Directions for the data below: repeat exactly the lines from the one with "Cider - Round" through the one with "vidaXL Cadre de", both included, and omit all pictures.

(EXERCISE MATERIALS Opens)

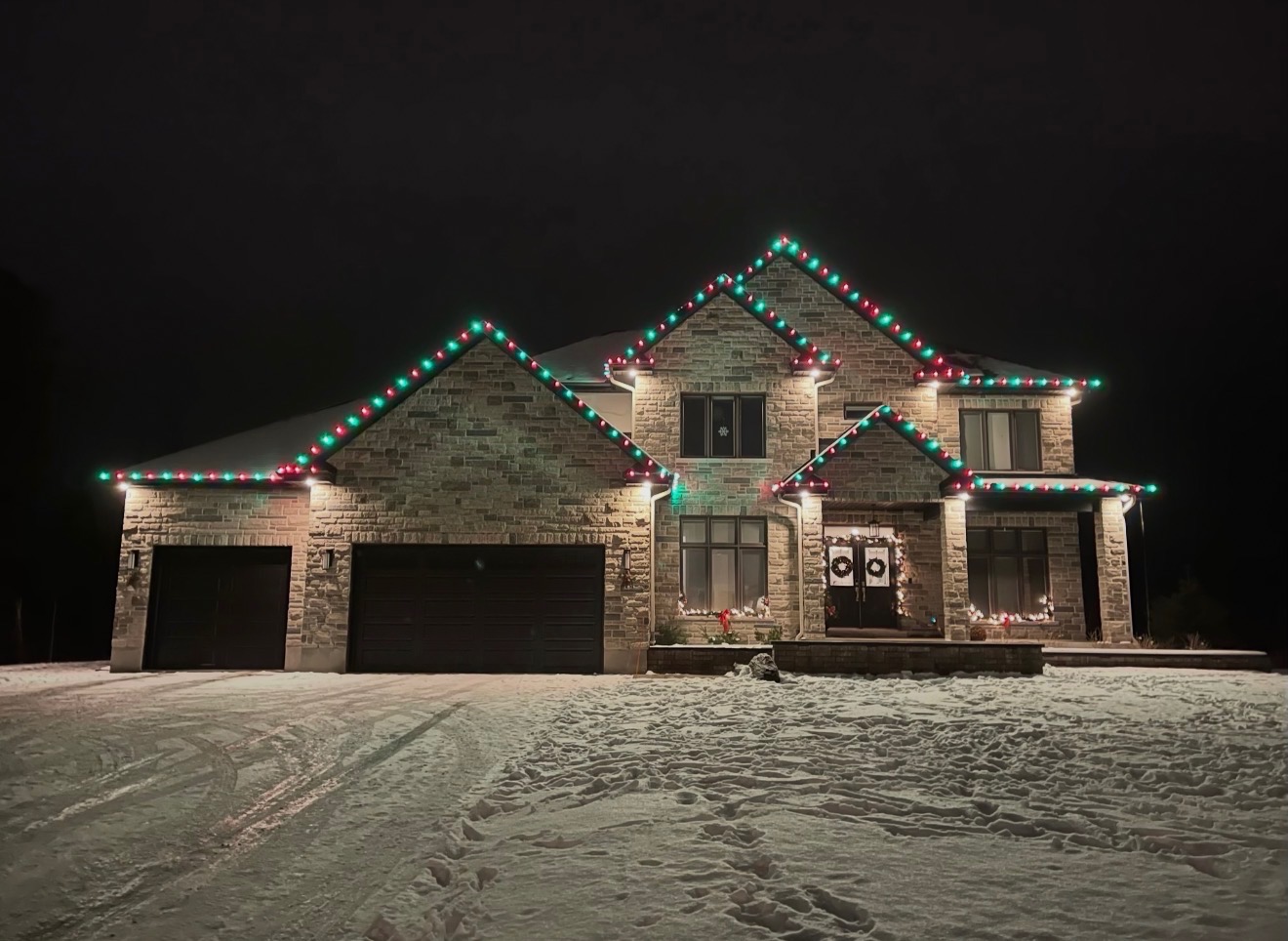 Holiday lighting install (stock images) after pressure washing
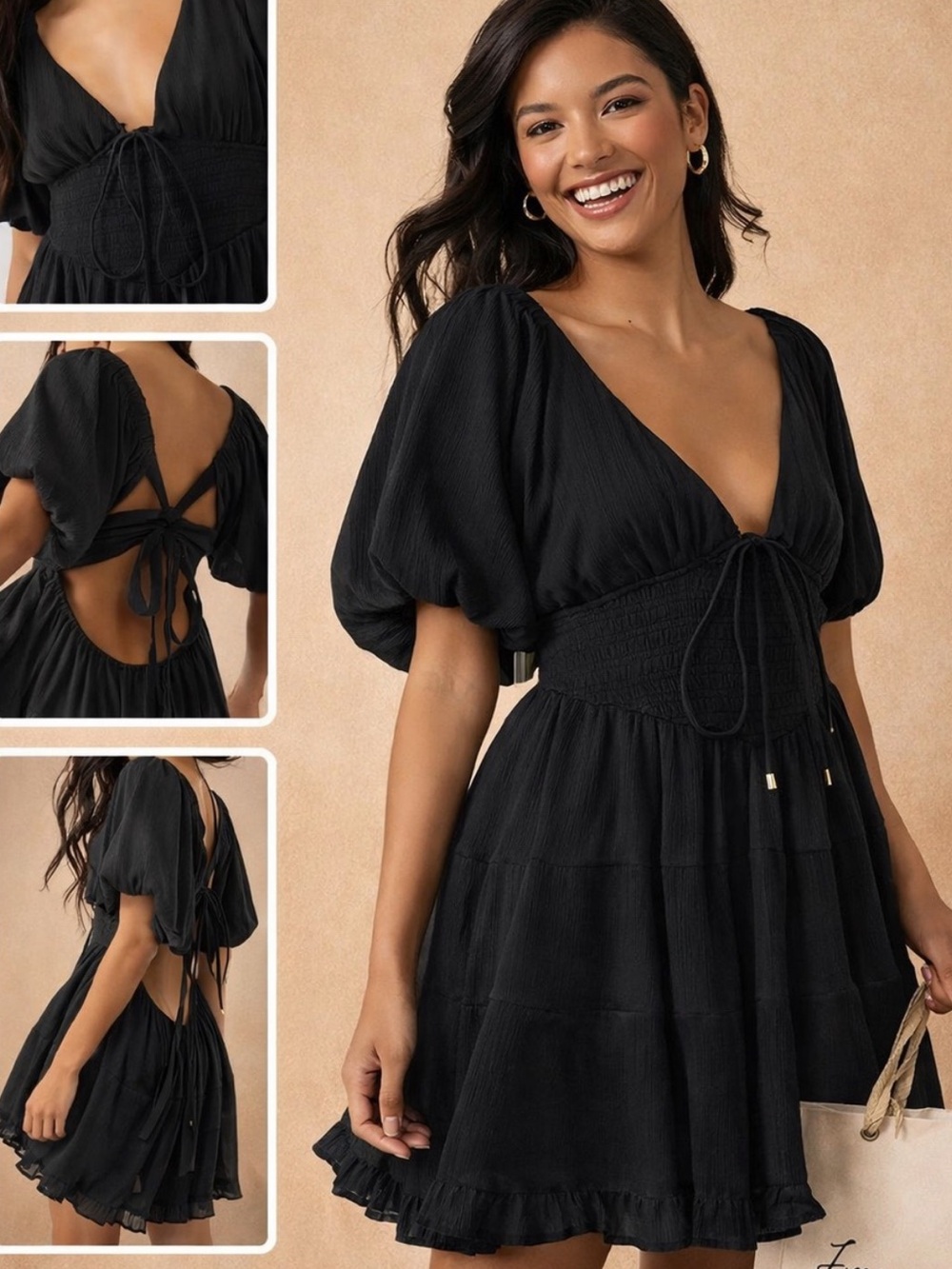 Free People Black Puff Sleeve Tiered Mini Dress Romper Smocked Open Back L
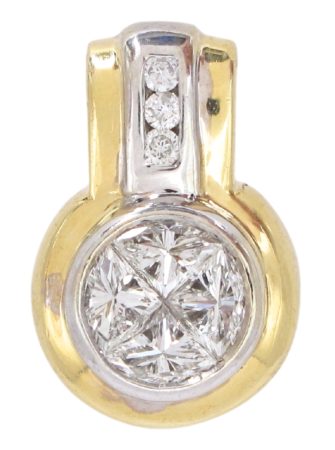 0.97ctw Diamond Pendant 14K Two-Tone Gold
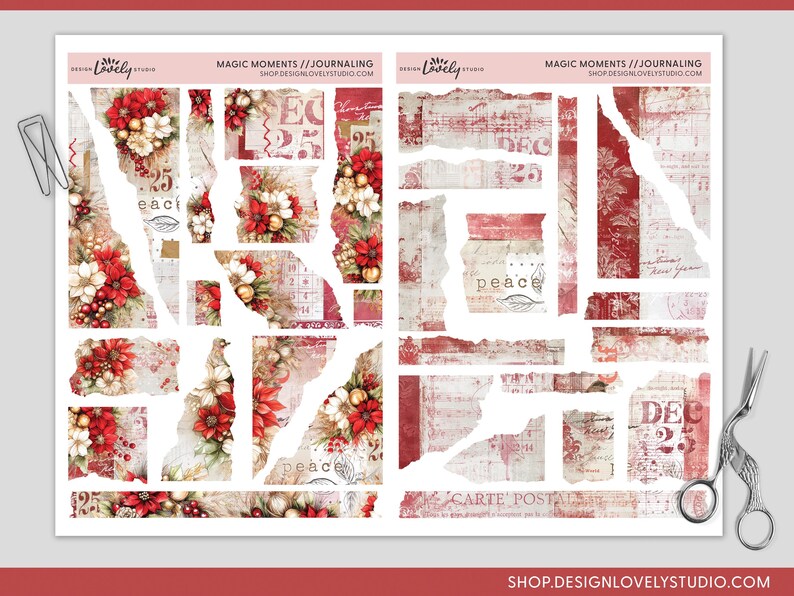 Printable Torn Paper Stickers, Ripped Paper Stickers, Journaling ...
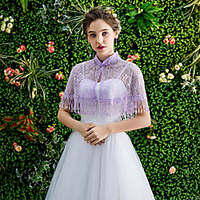 Sleeveless Flower Style / Bridal POLY / Lace Wedding / Party / Evening Shawl Wrap / Women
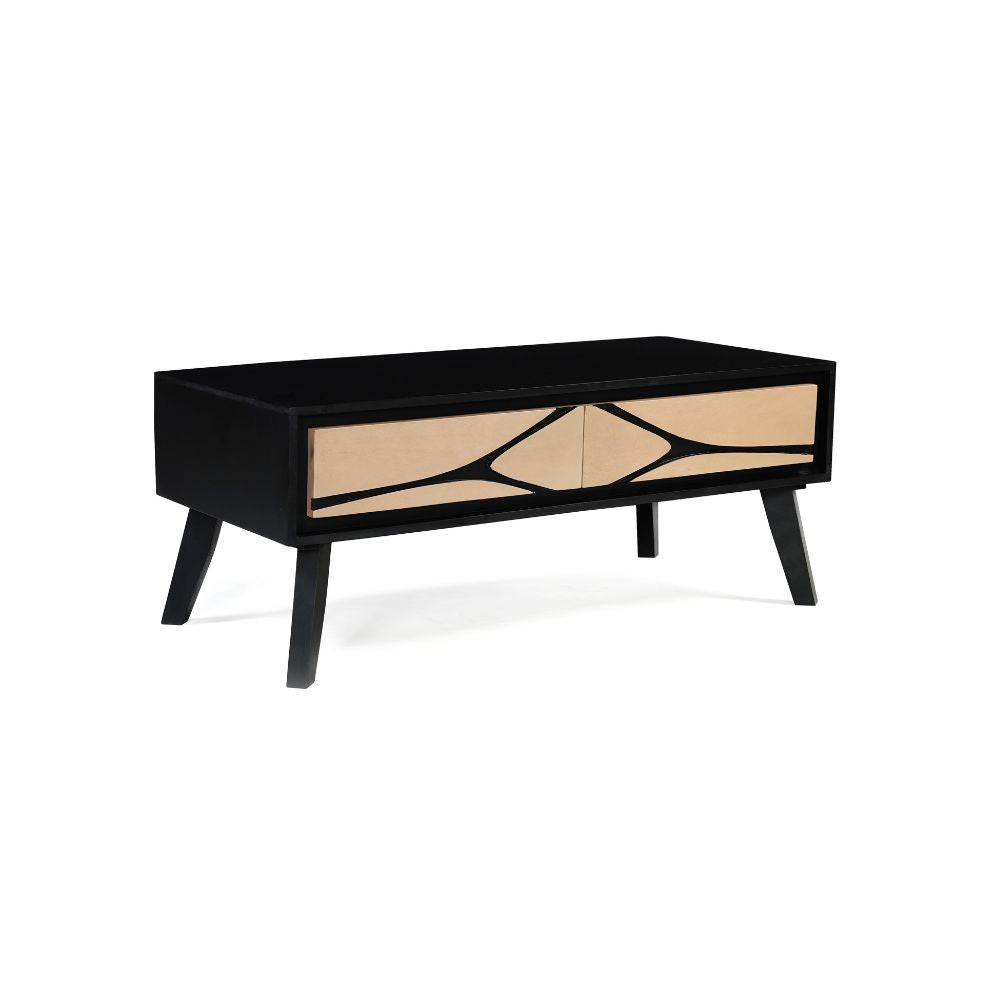 Solid Mango Wood Coffee Table Black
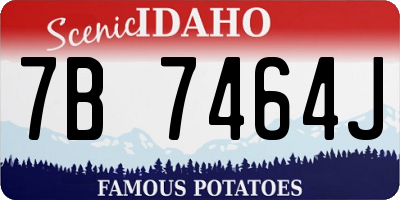 ID license plate 7B7464J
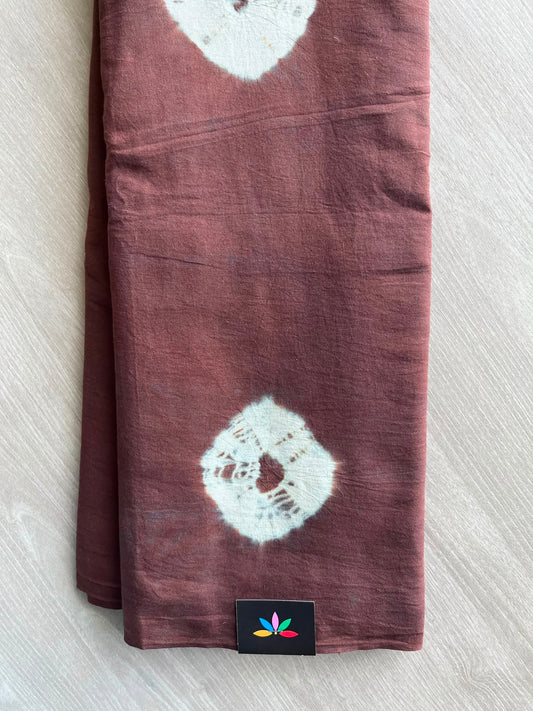 Deep Coffee Brown Shibori Handcrafted Cotton Saree - 33464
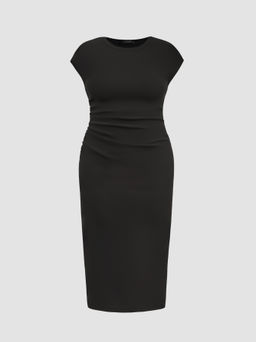 Cider - Round Neckline Ruched Midi Dress Curve & Plus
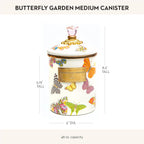 MACKENZIE-CHILDS Butterfly Garden Enamel Canister, Pretty Kitchen Storage Container with Lid, Medium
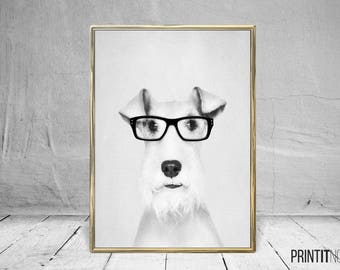 Dog with Glasses Print, Nursery Animal Decor Wall Art, Large Printable Poster, Digital Download, Modern Minimalist Decor, Black and White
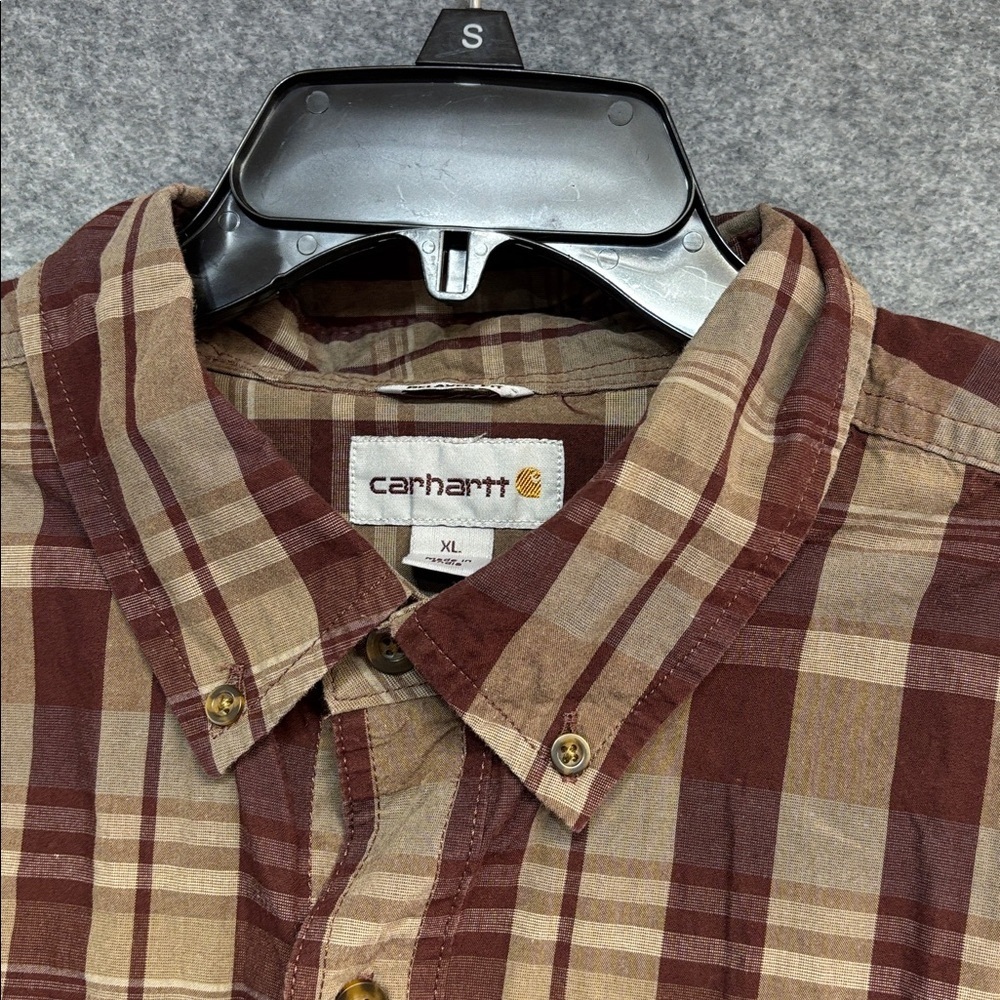 Carhartt relaxed fit  full button down Plaid long sleeve Shirt  double pocket XL - Picture 3 of 10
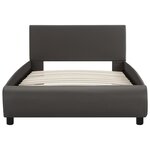 vidaXL Cadre de lit avec LED sans matelas gris similicuir 90x200 cm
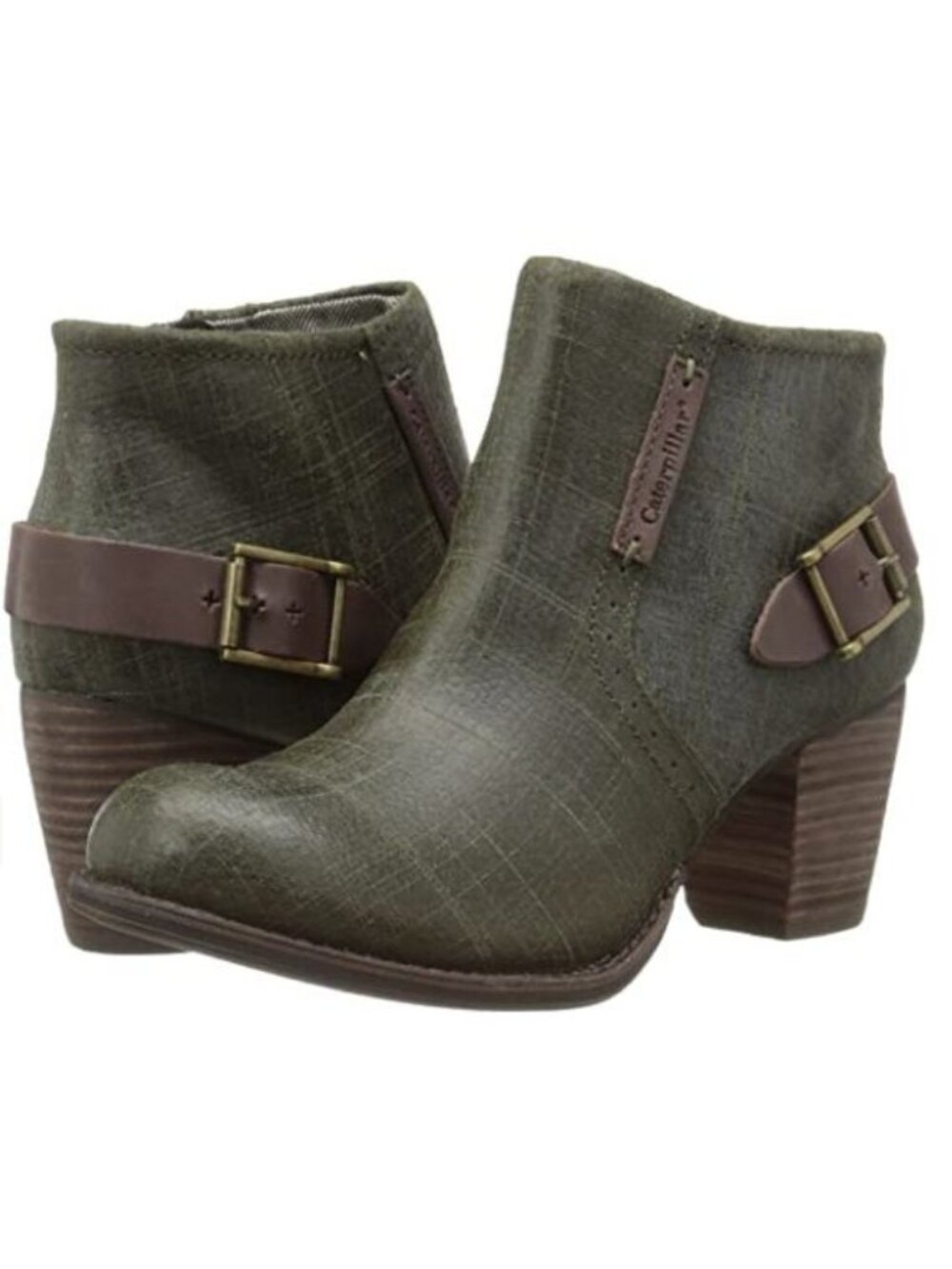 Caterpillar Women's Annette Leather Ankle Western Boots Deep Olive Size 7 - Picture 2 of 16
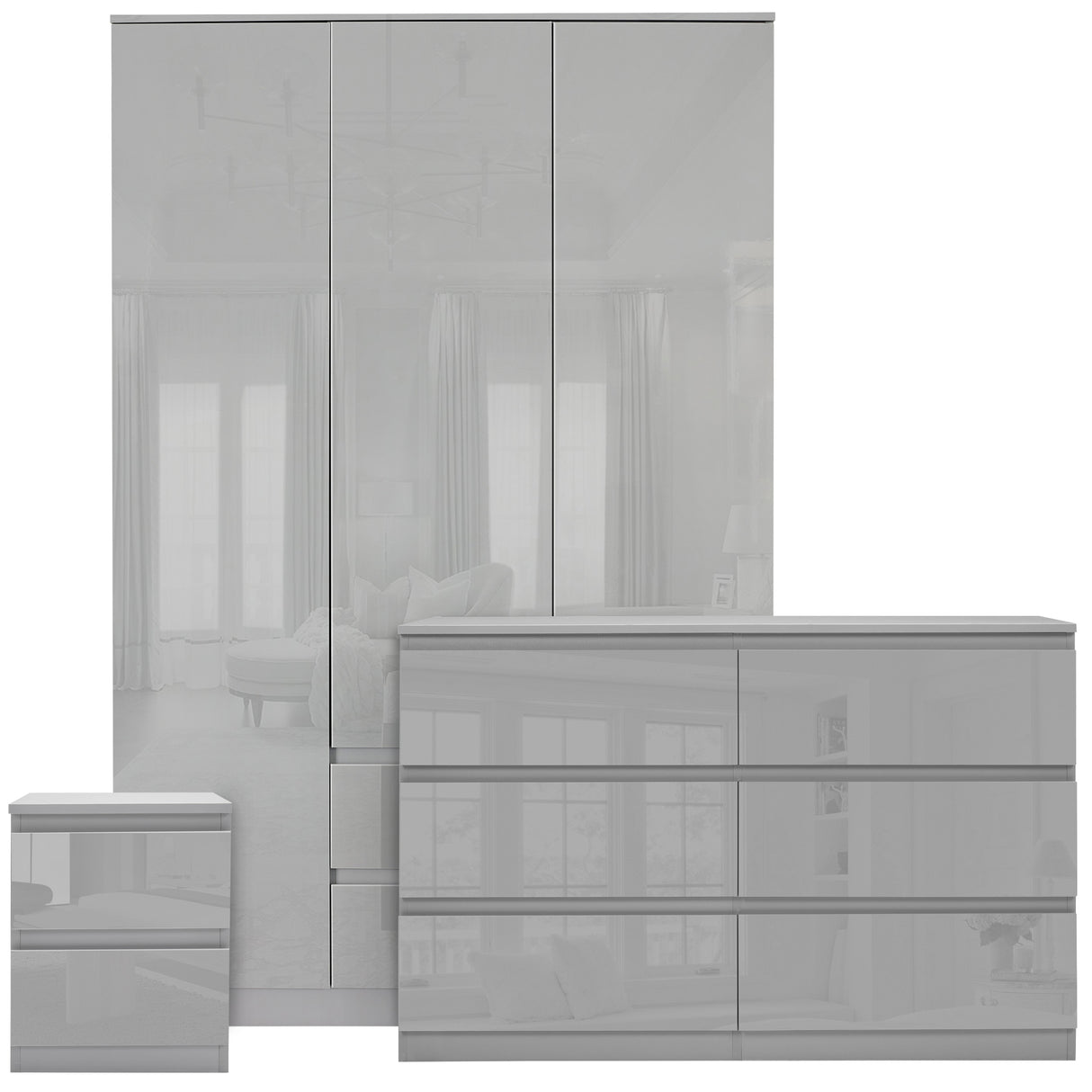 Wardrobe and drawer sets grey modern design for organized and stylish bedroom storage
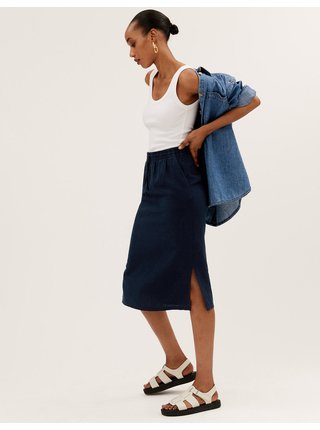 Midi sukně ze směsi lnu Marks & Spencer námořnická modrá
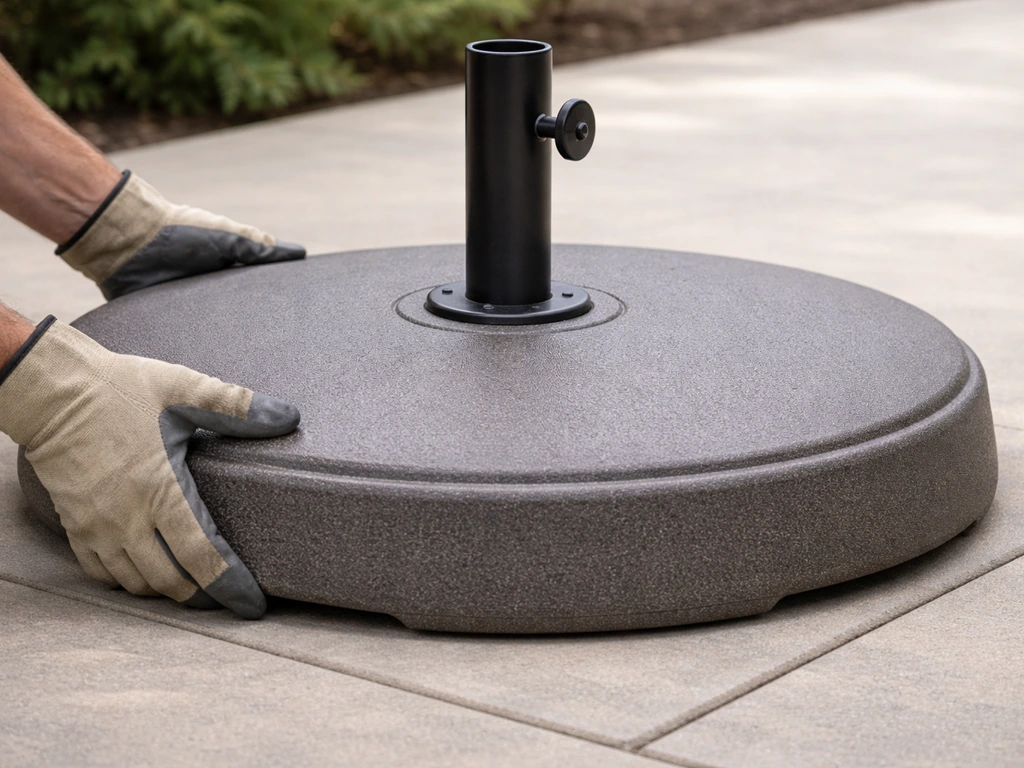 Gloved hands carefully placing a heavy umbrella base on a patio for stability under an 11-foot canopy.
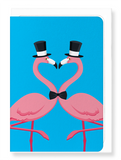 Ezen Designs - Flamingos grooms - Greeting Card - Front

(EXERCISE MATERIALS Closes)

# [ANSWER]
 Cider - Round Neckline Ruched Midi Dress Curve & Plus
 MACKENZIE-CHILDS Butterfly Garden Enamel Canister, Pretty Kitchen Storage Container with Lid, Medium
 Dog with Glasses Print, Nursery Animal Decor Wall Art, Large Printable Poster, Digital Download, Modern Minimalist Decor, Black and White
 Carhartt relaxed fit  full button down Plaid long sleeve Shirt  double pocket XL - Picture 3 of 10
 vidaXL Cadre de lit avec LED sans matelas gris similicuir 90x200 cm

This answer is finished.